Spécialité: Médecine foetale
Theme: malformations digestives

Chapitre 2

Nosologie des dilatations abdominales foetales

A.L. DELEZOIDE ET M. VEKEMANS

introduction

Décrire les différentes lésions pouvant se manifester in utero par une dilatation abdominale à contenu liquidien (on élimine d'emblée les anses digestives hyperéchogènes), revient à effectuer un catalogue d'anomalies concernant les différents appareils installés en position sous-diaphragmatique: urinaire, digestif, et génital sans oublier les surrénales. Cette énumération, même si elle se base sur une expérience de foetopathologiste, restera cependant assez théorique : en effet toutes les pathologies sténosantes et/ou donc "dilatantes" que l'on va décrire ne "parlent" pas avec la même fréquence ou intensité in utero: aussi, ces distinctions dépassant notre propre compétence, notre éventail de lésions sera t-il peut être un peu trop large, par rapport à ce qui peut être réellement dépisté in utero.

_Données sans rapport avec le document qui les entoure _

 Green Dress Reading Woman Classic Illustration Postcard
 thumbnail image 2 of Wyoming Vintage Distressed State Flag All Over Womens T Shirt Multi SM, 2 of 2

I dilatation abdominale et appareil urinaire

Il est indéniable que c'est l'appareil urinaire dont les malformations donnent le plus de dilatations liquidiennes abdominales : c'est du moins les malformations "kystisantes", abdominales ou rétropéritonéales qui apparaissent les plus fréquentes dans les séries foetopathologiques. Les malformations en cause sont de deux types, les néphropathies et les uropathies.

1. Parmi les néphropathies, seules celles formant des reins macrokystiques nous intéressent ici : ce qui élimine en particulier les polykystoses infantile (récessive autosomique) ou de type adulte (dominante autosomique) qui se manifestent par de gros reins hyperéchogè-nes. Entrent donc dans notre sujet:

- essentiellement, la dysplasie multikystique : caractérisée par un rein de volume variable, hypoplasique ou très volumineux, déformé par de volumineux kystes qui lui donnent un aspect de grappe de raisin, elle peut être bilatérale ou unilatérale ou même simplement focale.

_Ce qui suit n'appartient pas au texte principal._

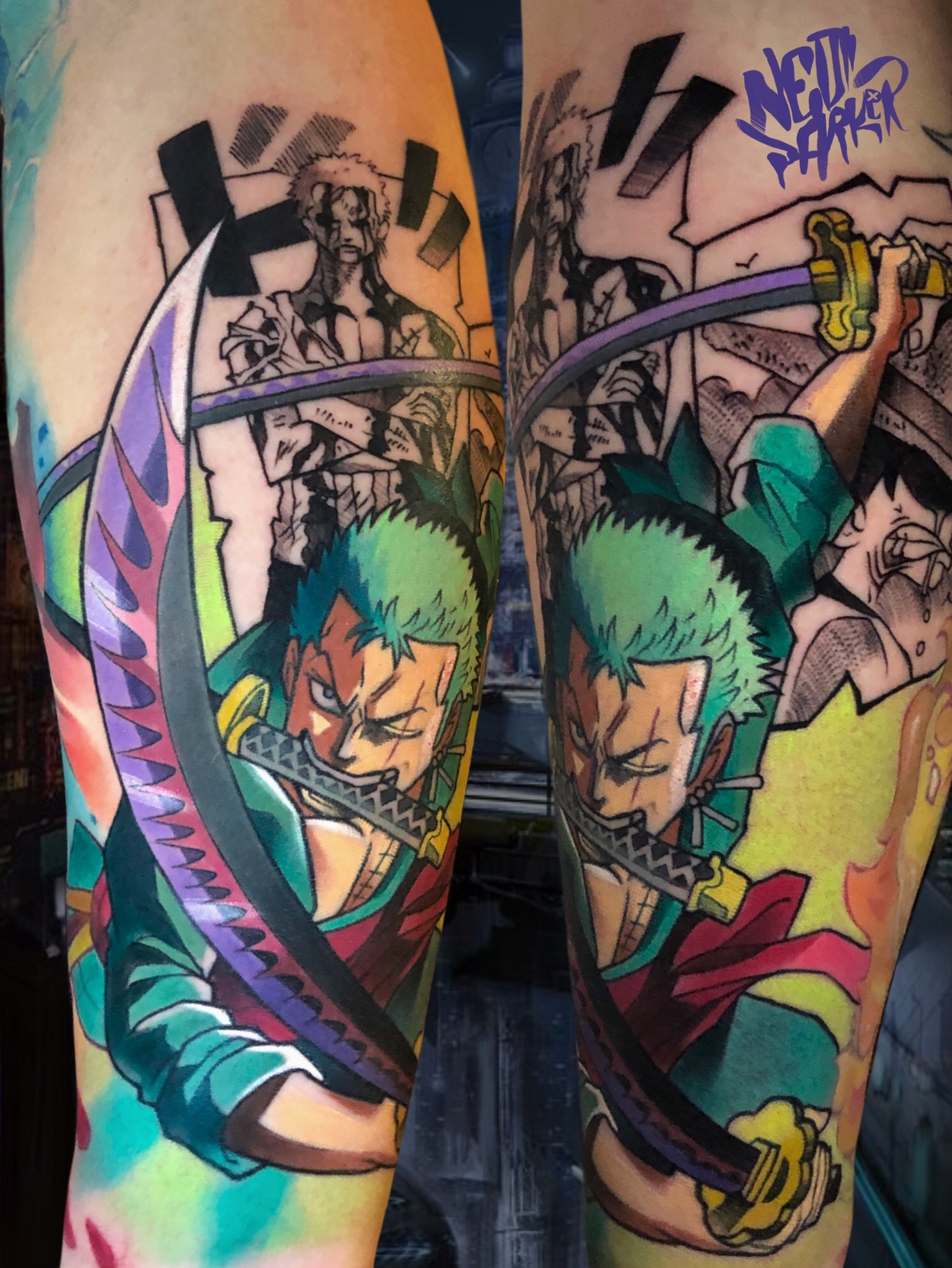 Lilly Sue Tattoo - Roronoa Zoro with his three swords from One piece!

- plus rarement, les reins kystiques des syndromes polymalformatifs.

Plusieurs syndromes polymalformatifs d'origine génétique reconnue ou non s'accompagnent de reins macrokystiques syndrome de Meckel, de d'Agostino-Golston, de Zellweger, d'Ivemark II ...)

Le plus souvent cependant, ils se manifestent plutôt comme des reins hyperéchogènes au sein desquels on peut observer quelques images kystiques. A ces formes, on peut ajouter les anomalies chromosomiques qui peuvent s'accompagner de reins kystiques souvent de façon focale et microscopique (rein hyperéchogène), ou de façon diffuse simulant une dysplasie multikystique (trisomies 13 et 18, en particulier).

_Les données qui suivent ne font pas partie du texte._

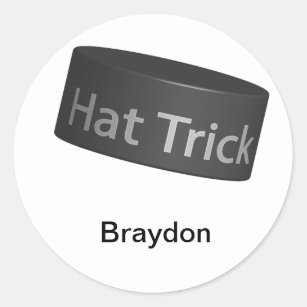 Hat Trick Puck Classic Round Sticker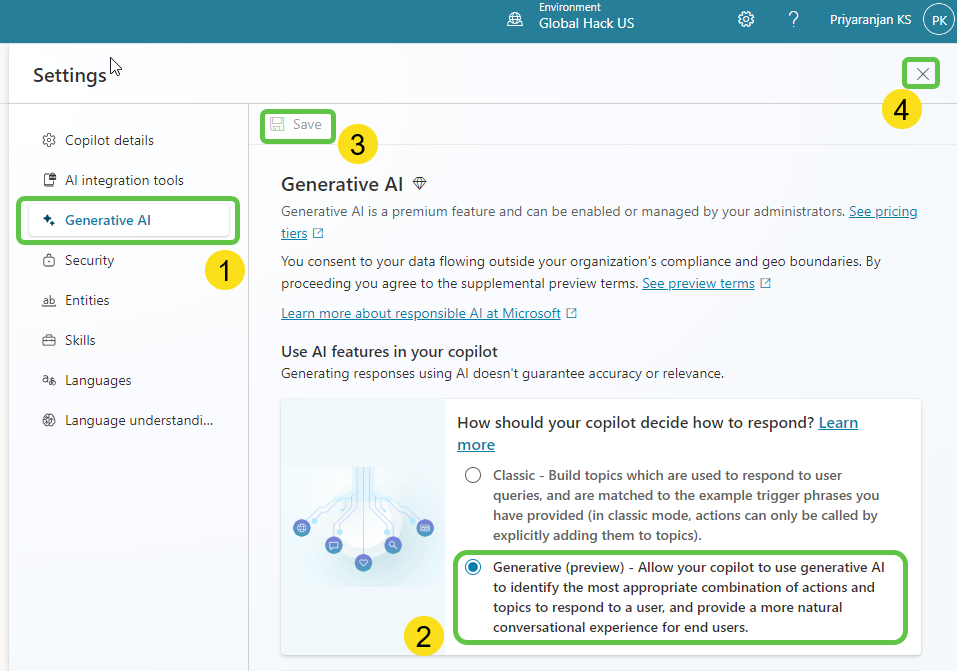Save Generative Settings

- les kystes simples, séreux du rein sont exceptionnels en période anténatale.

2 - Les uropathies ou dilatations des voies excréto urinaires prennent probablement la plus grande part des images liquidiennes intra-abdominales décelées chez le foetus.

Les plus fréquentes d'entre elles sont les mégavessies. Associées généralement à un retentissement sur le haut appareil (distension urétérale et pyélique), elles traduisent l'existence d'un obstacle sous-vésical. Dans notre expérience de foetopathologistes (qui comporte un biais de recrutement des lésions les plus graves, délétères pour la fonction rénale), les lésions les plus souvent en cause chez le garçon ne sont pas des valves de l'urètre de postérieur (7/20 obstacles sous-vésicaux observés chez les foetus masculins), mais des atrésies complètes de l'urètre membraneux (10 cas). Celles-ci sont alors rarement isolées (4 cas), le plus souvent associées à d'autres malformations (3 artères ombilicales uniques, 1 agénésie partielle du sacrum, 2 cardiopathies). Il semble d'autre part exister chez le foetus mâle des mégavessies neurologiques, sous lesquelles on ne retrouve aucun obstacle anatomique, mais un rétrécissement progressif de l'urètre. Nous en avons observé 3 exemples (1 trisomie 13, 1 trisomie 18, 1 syndrome létal des ptérygiums multiples avec lésions des cornes antérieures de la moelle épinière).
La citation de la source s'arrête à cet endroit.